New Contract, Next Steps —The battle for a new state contract was long and hard-fought. All across the state, AFSCME members came together time and again to stand up for basic fairness on the job. The contract we achieved is fair and responsible. It recognizes the vitally important work that state employees do—while also taking into account the state’s current budget problems.
But now some state legislators are attacking the contract—claiming that state employees don’t deserve even the modest raises that the contract includes.
And even more disturbing, some of those legislators are also criticizing the Quinn Administration for agreeing to honor the terms of the previous contract. They are objecting to paying the back wages that employees are owed—and to bringing employees to their appropriate pay grades.
To counter these criticisms, AFSCME local union leaders have been meeting with legislators in their area while they are back in the districts for spring break. We’re reminding these legislators of the vitally important work that state employees do—often without adequate staff and under stressful or dangerous conditions. And we’re also pointing out that a Circuit Court judge has ruled that the previous contract must be honored and the back wages owed must be paid—with interest.

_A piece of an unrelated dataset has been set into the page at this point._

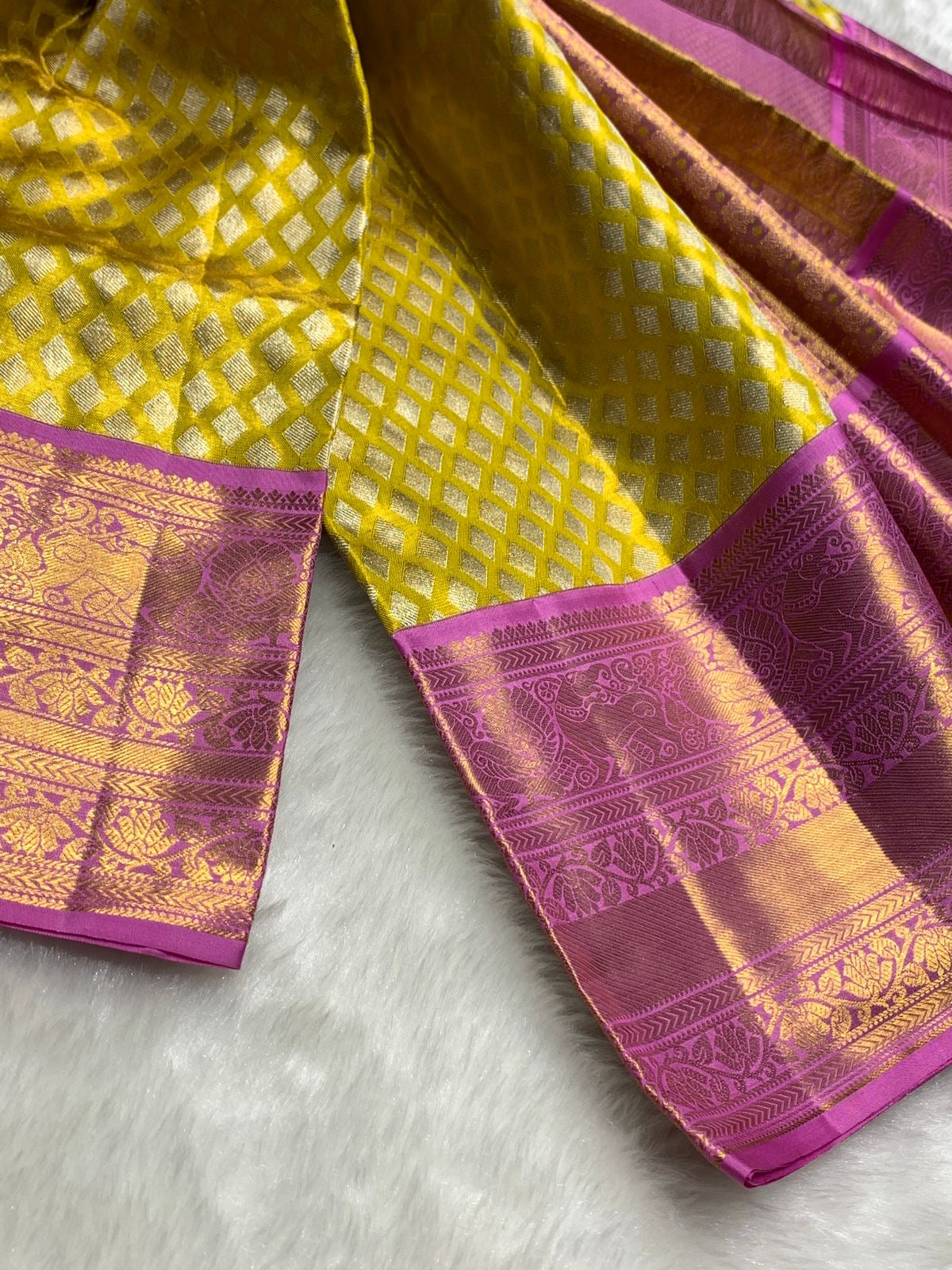 Classic Gold & Pinkish Purple 2gm Zari Bridal Elegance Kanchipuram Handloom Silk Saree SS25283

As part of its agreement to honor the previous contract, the Quinn Administration had agreed to withdraw its appeal of that Circuit Court ruling. The Governor’s Office has notified Attorney General Lisa Madigan to proceed with the withdrawal, but she has not yet done so.

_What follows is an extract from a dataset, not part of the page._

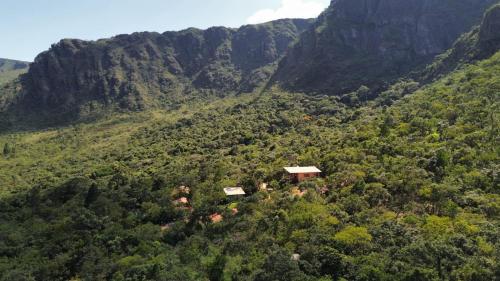 Cabanas da Mata - Cabana Candeia - Casa Branca/MG في كازا برانكا: اطلالة جوية على جبل عليه بيت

AFSCME continues to meet with the Quinn Administration to work through the legal issues involved in dispersing the funds for back pay that the circuit court is holding in escrow and to develop the supplemental appropriation needed to fund the rest of the back pay.

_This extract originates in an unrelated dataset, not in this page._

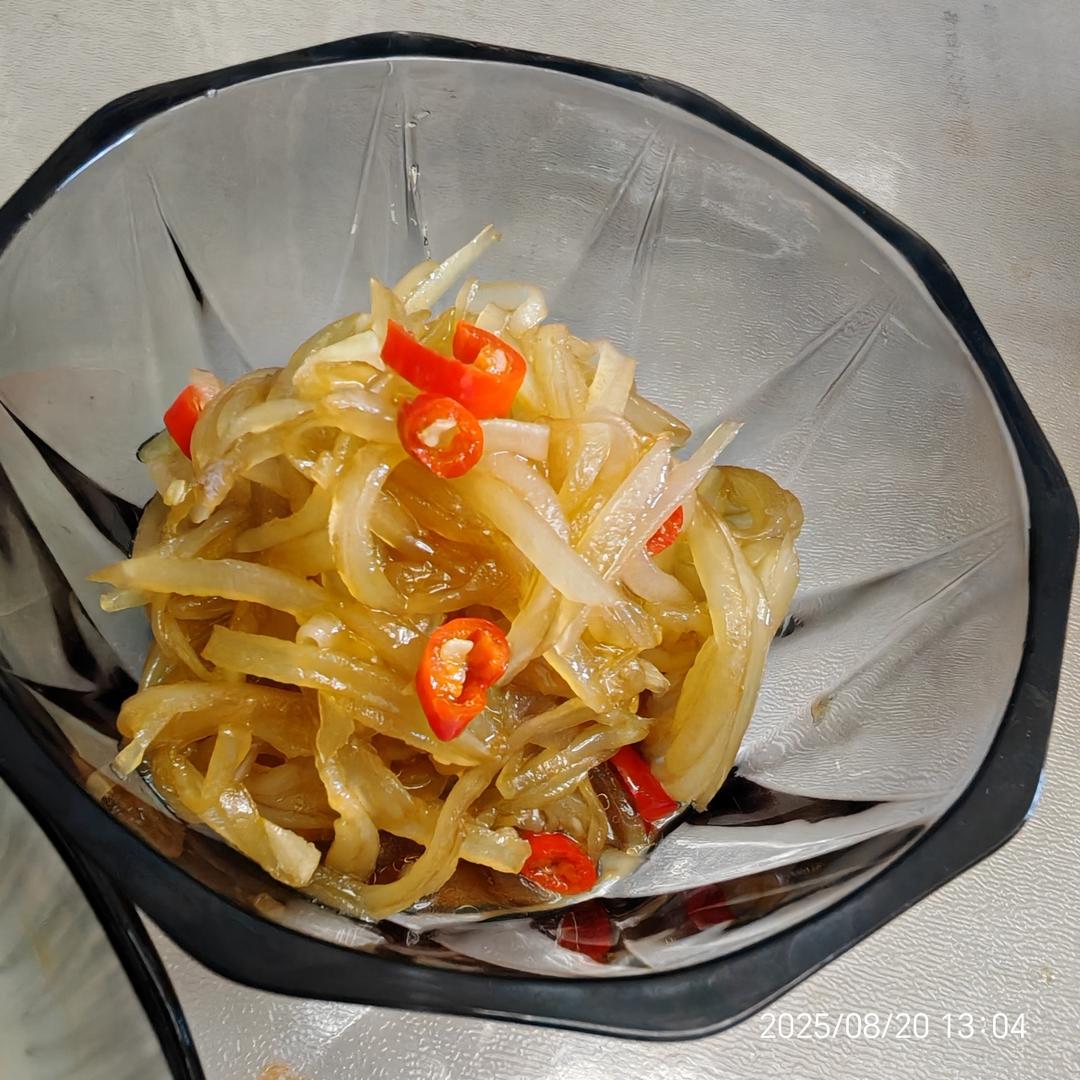 10分钟搞定的快手凉拌菜，清脆爽口的凉拌莴笋丝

It took tremendous unity and solidarity to achieve the new contract settlement—and to secure a commitment to honor the previous contract. But in the current political climate—where so many politicians have painted a target on the backs of public employees—our fight really doesn’t end with a handshake and a promise. It will take continued mobilization, grassroots lobbying and political action to make sure that elected officials respect and value the work that we do and that our union contract is honored and enforced.